La carrière de peintre d’Alexandre Colville a débuté dans la boue, la peur et l’horreur de la guerre qui ravageait l’Europe à la fin de la seconde guerre mondiale. Officier, enrôlé comme artiste de guerre dans l’armée canadienne, il a à peine vingt cinq ans lorsque, quelques jours seulement après leur libération, il découvre les survivants du camp de Bergen-Belsen. Colville garde de ce charnier l’image obsédante «… des cadavres émaciés en tenue de toile jonchant le sol comme s’il s’agissait de tapis ». Il en fera à son retour d’Europe une peinture.

Cette expérience traumatique le marquera durablement : «Comme plusieurs autres personnes de ma génération, je crois posséder un sens aigu de ce que c’est qu’être en vie.[…] Et pour ceux d’entre nous qui ont pris part à la Seconde Guerre mondiale, les petites choses bourgeoises de la vie, par exemple avoir un emploi, une maison, une voiture, des enfants, un chien, sont dorénavant très précieuses.». Les aquarelles et les peintures qu’il réalise durant cette période (de 1944 à 1946 et surtout après…) en portent, profondément imprimée, la marque.

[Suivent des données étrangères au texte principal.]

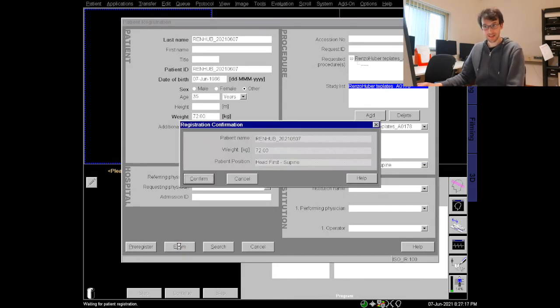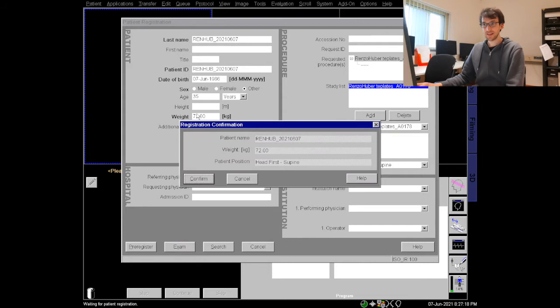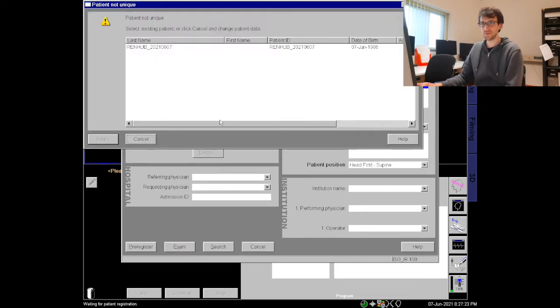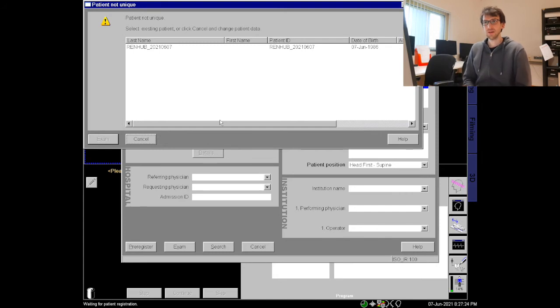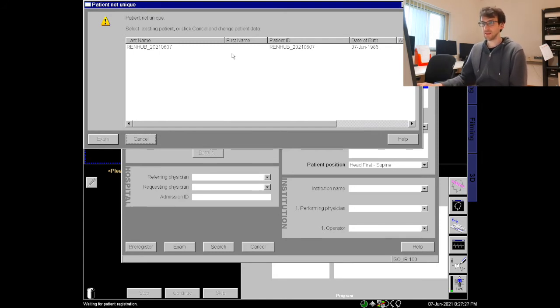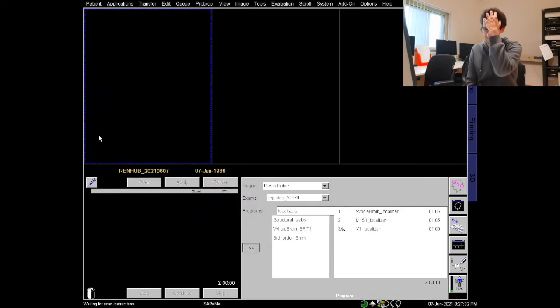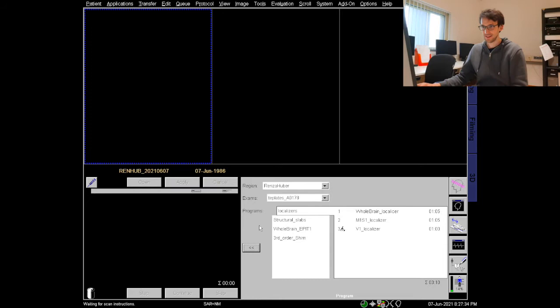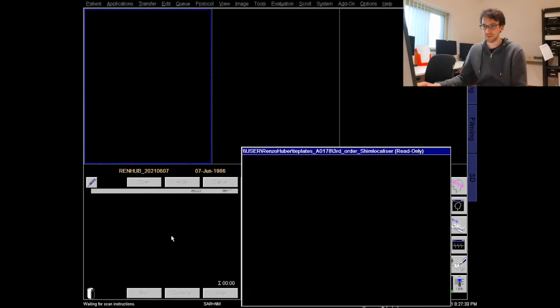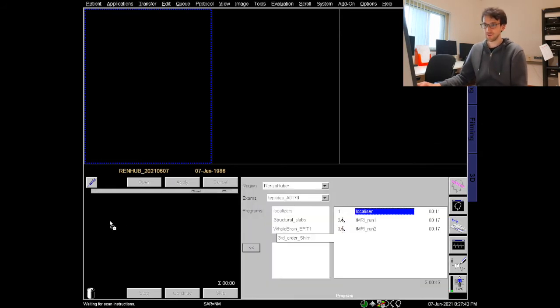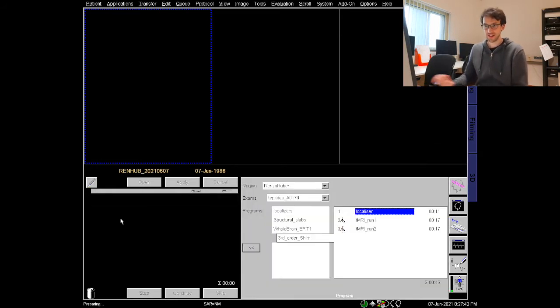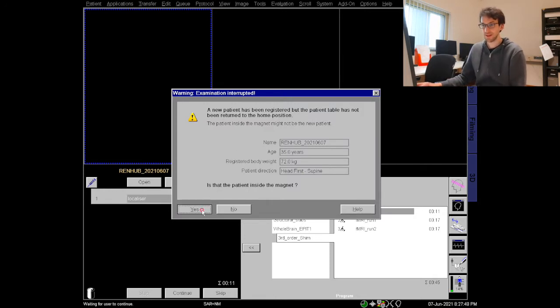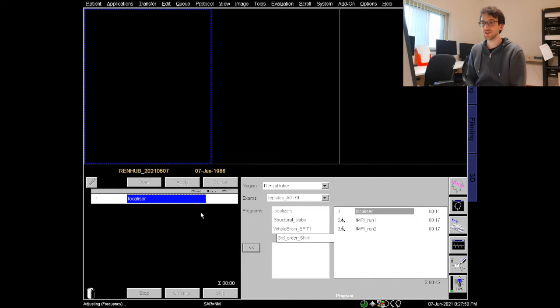So we can start exam and it will ask me to confirm the most important parameters, particularly also if this participant has been registered already we can combine them. You probably know these kind of procedures. Now we can start our localizer just to get an approximate orientation where our participant is lying. For that I just drag and drop our localizer into our queue and again I confirm that this is my participant even though I did not move the table.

Dès les années 50, on associe son approche réaliste à celle d’artistes américains comme Andrew Wyeth  alors que, visiblement son dessin plutôt dépouillé ou le traitement des volumes sont plus proches de celui de Grant Wood, tandis que son univers l’est tantôt de celui de Edward Hopper tantôt de celui de Balthus. D’ailleurs, comme ces deux derniers, il détermine ses sujets à partir de son environnement immédiat, situations ou scènes ordinaires de son quotidien, avec cependant un caractère plus surréaliste.

Le tableau Nude and Dummy, (1950), marque visiblement une transition entre les transcriptions de scènes de guerre et une nouvelle orientation de son travail. Dans une sous-pente, vide de tout mobilier, le buste d’un mannequin de couturière fait étrangement écho à la figure d’une femme nue, de dos, qui se trouve près d’une fenêtre. Comme si quelque chose (ou quelqu’un) venait de pénétrer dans la pièce la femme a détourné son regard du paysage et regarde par-dessus son épaule. La présence imposante du buste féminin au premier plan, tronc creux presque inquiétant, évoque une apparition et produit une sensation d’étrangeté, comme dans certaines toiles de Chirico ou de Delvaux. La qualité des lumières douces, en demi-tons, renforce cet aspect assez irréel.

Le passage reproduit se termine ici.